━━━━━ Records to use ━━━━━

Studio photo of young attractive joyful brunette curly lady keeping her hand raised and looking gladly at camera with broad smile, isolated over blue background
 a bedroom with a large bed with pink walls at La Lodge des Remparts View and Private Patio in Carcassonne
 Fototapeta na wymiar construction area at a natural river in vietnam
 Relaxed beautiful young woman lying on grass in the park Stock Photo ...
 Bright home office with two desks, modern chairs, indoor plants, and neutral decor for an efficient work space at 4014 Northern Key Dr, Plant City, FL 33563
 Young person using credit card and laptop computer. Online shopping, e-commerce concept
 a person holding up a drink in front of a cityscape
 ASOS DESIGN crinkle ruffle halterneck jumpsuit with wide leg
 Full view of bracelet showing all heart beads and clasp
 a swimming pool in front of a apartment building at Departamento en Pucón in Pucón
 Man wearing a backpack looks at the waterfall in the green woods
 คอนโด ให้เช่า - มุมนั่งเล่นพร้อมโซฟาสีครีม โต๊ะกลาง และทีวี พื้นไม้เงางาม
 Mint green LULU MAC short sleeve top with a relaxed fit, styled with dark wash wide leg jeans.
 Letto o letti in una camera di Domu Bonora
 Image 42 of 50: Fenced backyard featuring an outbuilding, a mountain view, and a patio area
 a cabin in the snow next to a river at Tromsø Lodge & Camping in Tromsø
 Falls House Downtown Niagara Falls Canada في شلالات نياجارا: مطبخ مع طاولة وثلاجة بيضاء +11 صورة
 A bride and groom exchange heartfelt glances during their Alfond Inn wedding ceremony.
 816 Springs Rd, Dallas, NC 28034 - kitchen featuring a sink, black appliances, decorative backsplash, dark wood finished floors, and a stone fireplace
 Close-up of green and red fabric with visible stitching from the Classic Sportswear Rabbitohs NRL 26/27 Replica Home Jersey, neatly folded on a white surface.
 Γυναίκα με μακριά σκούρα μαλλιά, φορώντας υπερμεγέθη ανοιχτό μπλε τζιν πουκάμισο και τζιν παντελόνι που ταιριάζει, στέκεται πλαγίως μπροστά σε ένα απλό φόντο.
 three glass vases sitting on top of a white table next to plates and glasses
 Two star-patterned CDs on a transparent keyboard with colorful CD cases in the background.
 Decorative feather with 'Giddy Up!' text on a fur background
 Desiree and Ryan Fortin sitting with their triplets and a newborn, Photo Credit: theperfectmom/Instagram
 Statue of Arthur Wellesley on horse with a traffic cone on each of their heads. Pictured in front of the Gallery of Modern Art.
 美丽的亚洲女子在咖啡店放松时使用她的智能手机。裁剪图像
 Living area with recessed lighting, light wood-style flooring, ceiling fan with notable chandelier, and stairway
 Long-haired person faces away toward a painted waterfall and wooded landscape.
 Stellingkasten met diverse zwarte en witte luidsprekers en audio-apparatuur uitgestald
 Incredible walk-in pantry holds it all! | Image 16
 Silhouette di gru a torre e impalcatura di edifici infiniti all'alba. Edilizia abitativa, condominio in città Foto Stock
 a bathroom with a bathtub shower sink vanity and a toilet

━━━━━

Scan the entries above. Copy each line that has the string "sink".

• Output for this task:
 816 Springs Rd, Dallas, NC 28034 - kitchen featuring a sink, black appliances, decorative backsplash, dark wood finished floors, and a stone fireplace
 a bathroom with a bathtub shower sink vanity and a toilet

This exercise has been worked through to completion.